Top of Dataset extract
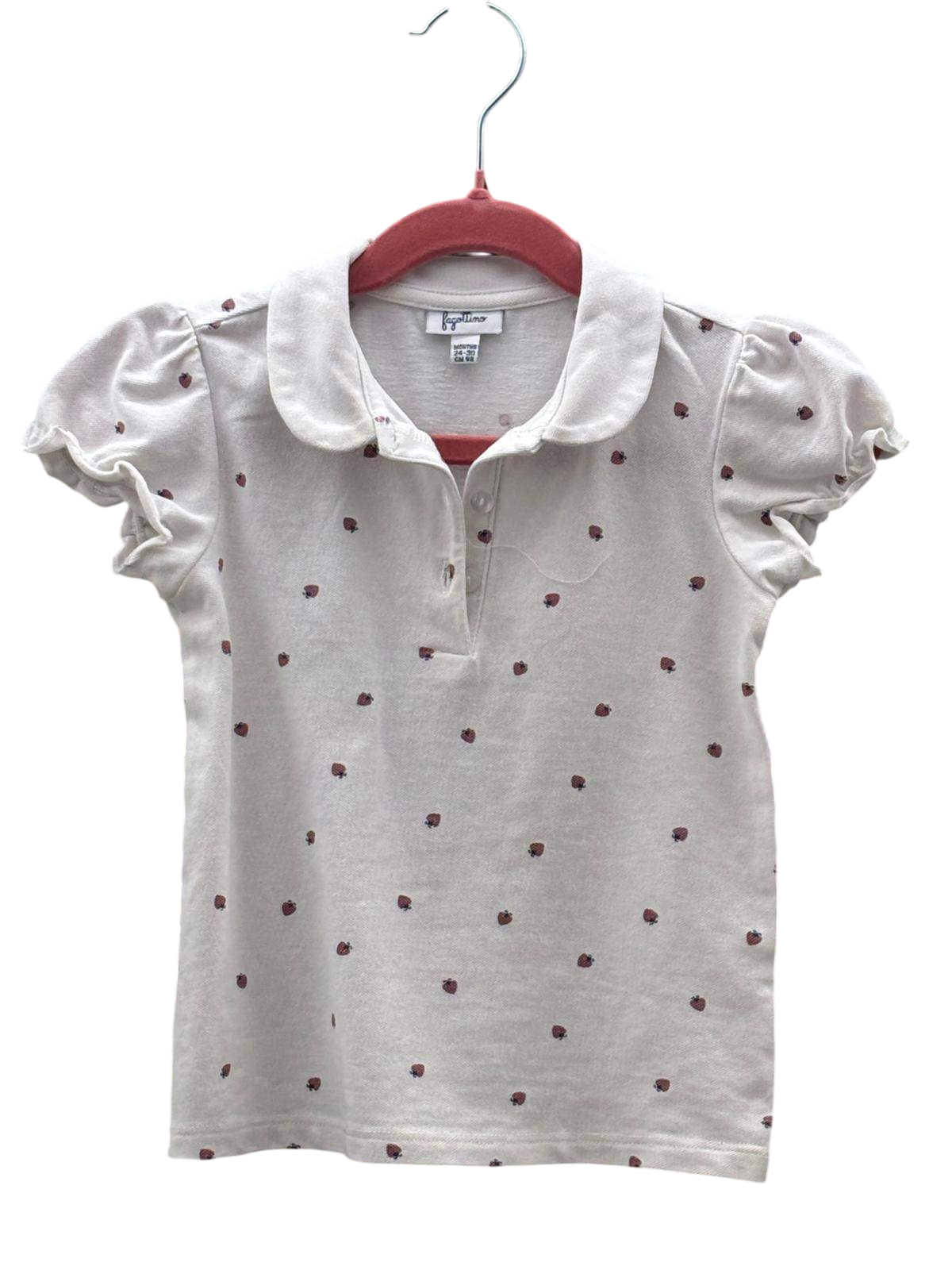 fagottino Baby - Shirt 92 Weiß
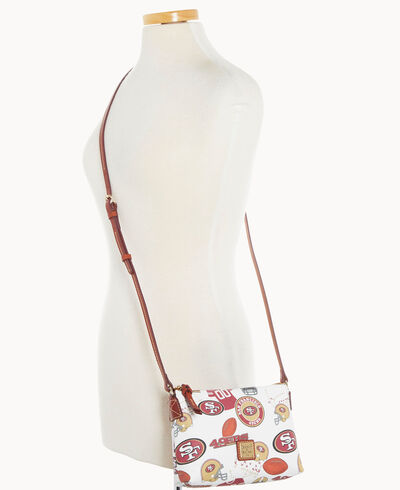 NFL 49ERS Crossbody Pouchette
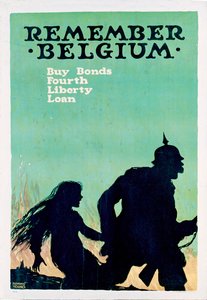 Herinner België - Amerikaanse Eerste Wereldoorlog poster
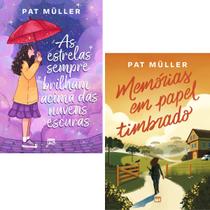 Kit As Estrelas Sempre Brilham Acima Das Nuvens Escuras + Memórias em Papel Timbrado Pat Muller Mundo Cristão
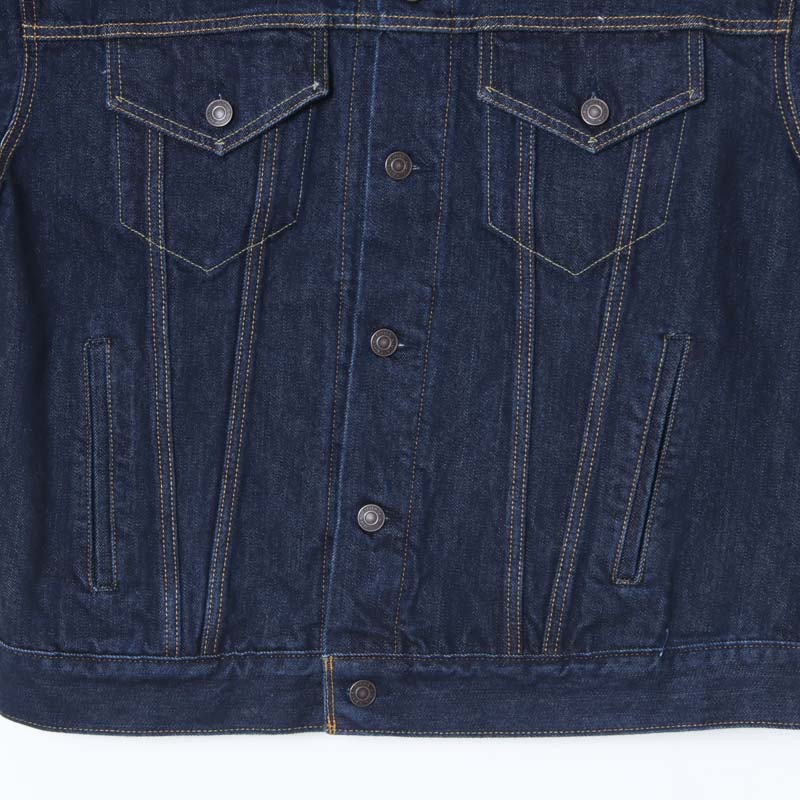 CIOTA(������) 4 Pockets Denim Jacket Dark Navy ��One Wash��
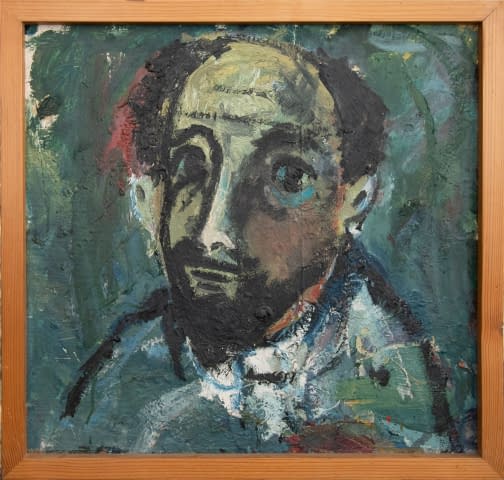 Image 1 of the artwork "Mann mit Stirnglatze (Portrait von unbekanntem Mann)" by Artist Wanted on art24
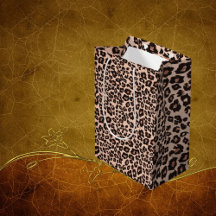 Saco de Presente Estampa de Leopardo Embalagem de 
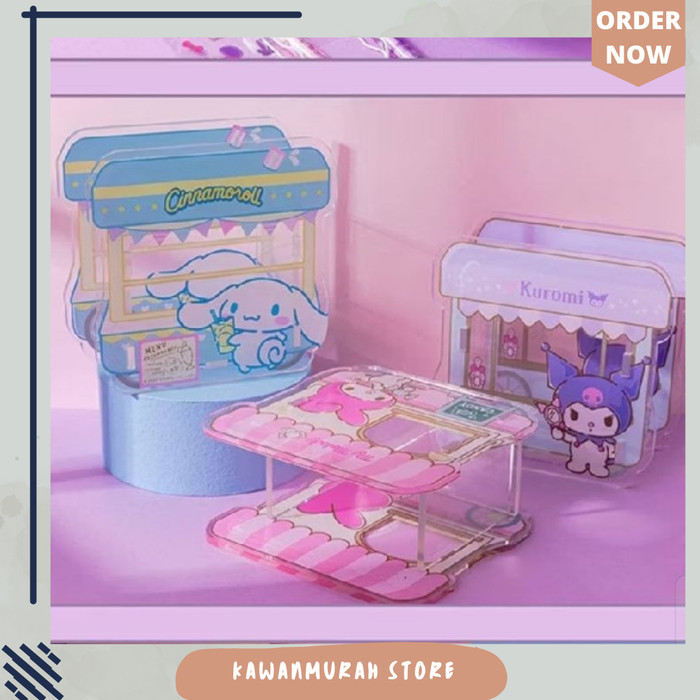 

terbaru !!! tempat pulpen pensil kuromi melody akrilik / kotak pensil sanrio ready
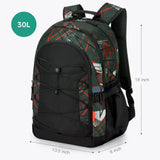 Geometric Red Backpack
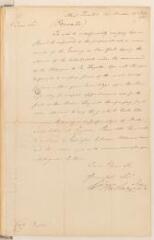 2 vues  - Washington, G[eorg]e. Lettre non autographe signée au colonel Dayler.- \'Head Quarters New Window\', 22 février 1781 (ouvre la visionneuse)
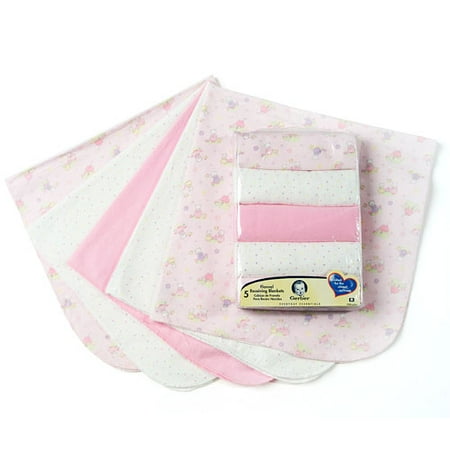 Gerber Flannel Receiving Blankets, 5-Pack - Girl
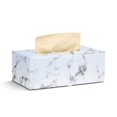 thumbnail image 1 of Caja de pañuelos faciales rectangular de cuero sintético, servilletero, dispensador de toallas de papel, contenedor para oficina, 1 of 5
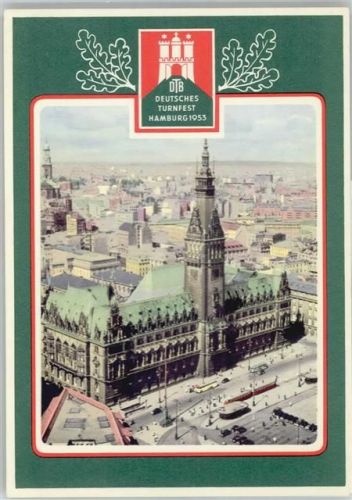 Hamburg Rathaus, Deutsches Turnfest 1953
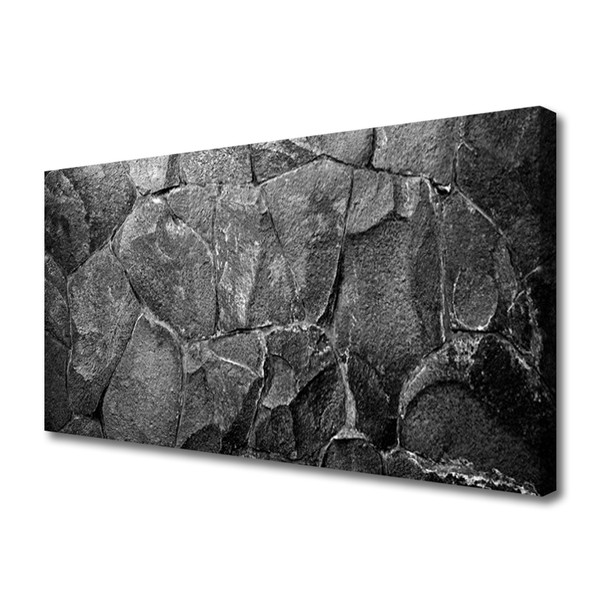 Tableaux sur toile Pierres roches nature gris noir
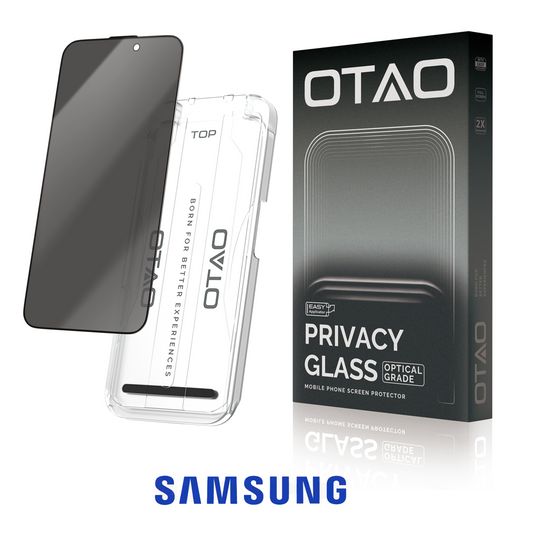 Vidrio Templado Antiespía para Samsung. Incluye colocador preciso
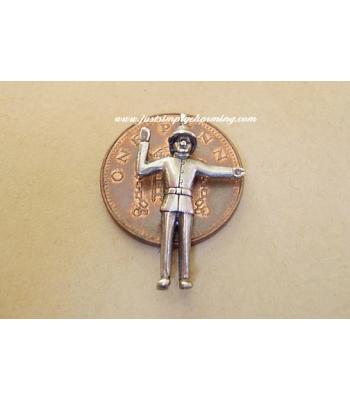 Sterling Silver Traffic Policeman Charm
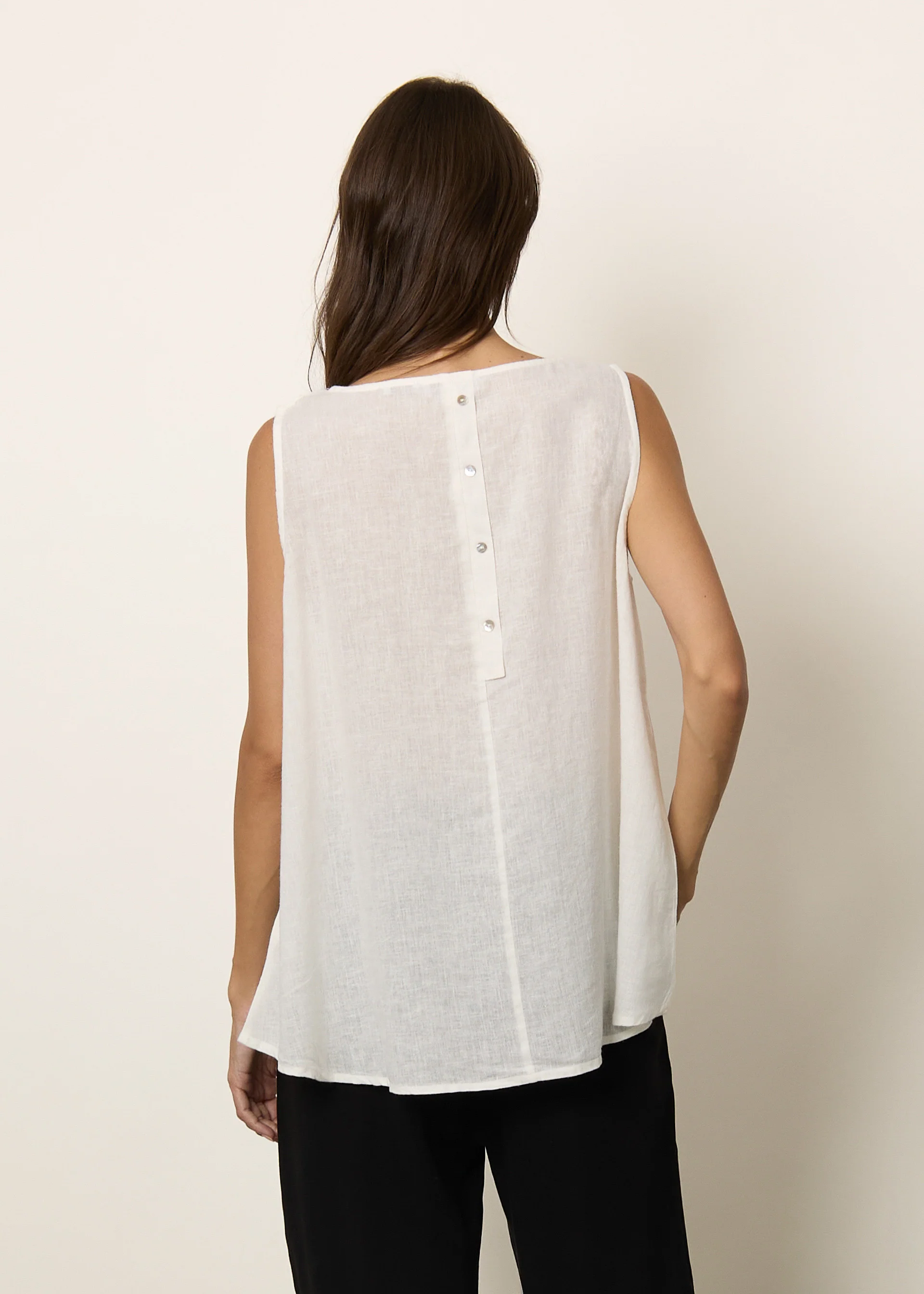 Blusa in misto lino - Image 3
Bottom of Dataset extract
What you will do:
The answer must be the lines above, word for word, from the first one through the line with "Gerber Flannel Receiving", pictures excluded.

Completed exercise:
 fagottino Baby - Shirt 92 Weiß
 NFL 49ERS Crossbody Pouchette
 Herinner België - Amerikaanse Eerste Wereldoorlog poster
 Kit As Estrelas Sempre Brilham Acima Das Nuvens Escuras + Memórias em Papel Timbrado Pat Muller Mundo Cristão
 CIOTA(������) 4 Pockets Denim Jacket Dark Navy ��One Wash��
 Image 1 of the artwork "Mann mit Stirnglatze (Portrait von unbekanntem Mann)" by Artist Wanted on art24
 Saco de Presente Estampa de Leopardo Embalagem de 

terbaru !!! tempat pulpen pensil kuromi melody akrilik / kotak pensil sanrio ready
 Geometric Red Backpack
 2 vues  - Washington, G[eorg]e. Lettre non autographe signée au colonel Dayler.- \'Head Quarters New Window\', 22 février 1781 (ouvre la visionneuse)
 Gerber Flannel Receiving Blankets, 5-Pack - Girl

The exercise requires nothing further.